The result should be every line in the data below that carries the string "tutorial".

Records drawn from a dataset
○ ○ ○ ○ ○ ○ ○

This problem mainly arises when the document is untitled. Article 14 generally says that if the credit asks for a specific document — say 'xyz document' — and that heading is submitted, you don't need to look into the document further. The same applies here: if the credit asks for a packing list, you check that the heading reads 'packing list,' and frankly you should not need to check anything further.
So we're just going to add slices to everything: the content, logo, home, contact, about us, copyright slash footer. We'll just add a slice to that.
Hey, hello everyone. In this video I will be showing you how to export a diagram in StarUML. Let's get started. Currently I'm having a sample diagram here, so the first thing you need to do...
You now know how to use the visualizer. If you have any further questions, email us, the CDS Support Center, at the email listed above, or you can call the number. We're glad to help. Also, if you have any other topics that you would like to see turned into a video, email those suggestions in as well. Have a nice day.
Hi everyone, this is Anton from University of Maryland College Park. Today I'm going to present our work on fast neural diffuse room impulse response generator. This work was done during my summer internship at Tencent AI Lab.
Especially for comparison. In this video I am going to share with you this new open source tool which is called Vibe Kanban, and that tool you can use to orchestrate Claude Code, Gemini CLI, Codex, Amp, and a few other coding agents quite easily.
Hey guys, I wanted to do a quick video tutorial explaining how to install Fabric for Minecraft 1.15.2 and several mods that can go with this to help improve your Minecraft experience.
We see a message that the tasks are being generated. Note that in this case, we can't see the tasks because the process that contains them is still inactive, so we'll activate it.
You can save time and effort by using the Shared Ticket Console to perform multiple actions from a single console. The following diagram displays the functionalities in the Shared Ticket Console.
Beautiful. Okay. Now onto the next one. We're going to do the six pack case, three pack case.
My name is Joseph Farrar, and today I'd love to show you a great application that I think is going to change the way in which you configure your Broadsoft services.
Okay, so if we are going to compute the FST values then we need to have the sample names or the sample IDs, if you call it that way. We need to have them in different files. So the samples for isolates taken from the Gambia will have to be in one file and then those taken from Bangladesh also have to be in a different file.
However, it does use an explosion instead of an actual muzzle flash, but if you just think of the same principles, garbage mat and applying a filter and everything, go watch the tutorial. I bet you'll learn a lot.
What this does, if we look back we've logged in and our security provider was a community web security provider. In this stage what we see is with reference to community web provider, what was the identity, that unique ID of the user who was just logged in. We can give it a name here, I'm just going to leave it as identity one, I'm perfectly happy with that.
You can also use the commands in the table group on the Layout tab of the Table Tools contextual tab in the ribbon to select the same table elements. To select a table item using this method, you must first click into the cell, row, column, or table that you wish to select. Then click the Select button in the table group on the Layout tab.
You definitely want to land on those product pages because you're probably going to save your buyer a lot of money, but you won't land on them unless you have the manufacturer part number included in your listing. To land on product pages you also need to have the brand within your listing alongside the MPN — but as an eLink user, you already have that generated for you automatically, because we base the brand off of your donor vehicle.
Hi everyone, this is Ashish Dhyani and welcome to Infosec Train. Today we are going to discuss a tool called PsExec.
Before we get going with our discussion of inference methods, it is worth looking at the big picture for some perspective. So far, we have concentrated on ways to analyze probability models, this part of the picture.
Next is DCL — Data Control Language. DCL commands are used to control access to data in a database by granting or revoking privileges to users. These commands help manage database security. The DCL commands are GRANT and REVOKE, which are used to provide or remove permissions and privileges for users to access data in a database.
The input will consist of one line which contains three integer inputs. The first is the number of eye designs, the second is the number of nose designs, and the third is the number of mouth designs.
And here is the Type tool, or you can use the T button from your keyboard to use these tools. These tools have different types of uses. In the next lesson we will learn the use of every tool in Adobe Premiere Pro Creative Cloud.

○ ○ ○ ○ ○ ○ ○

### Task response
Hey guys, I wanted to do a quick video tutorial explaining how to install Fabric for Minecraft 1.15.2 and several mods that can go with this to help improve your Minecraft experience.
However, it does use an explosion instead of an actual muzzle flash, but if you just think of the same principles, garbage mat and applying a filter and everything, go watch the tutorial. I bet you'll learn a lot.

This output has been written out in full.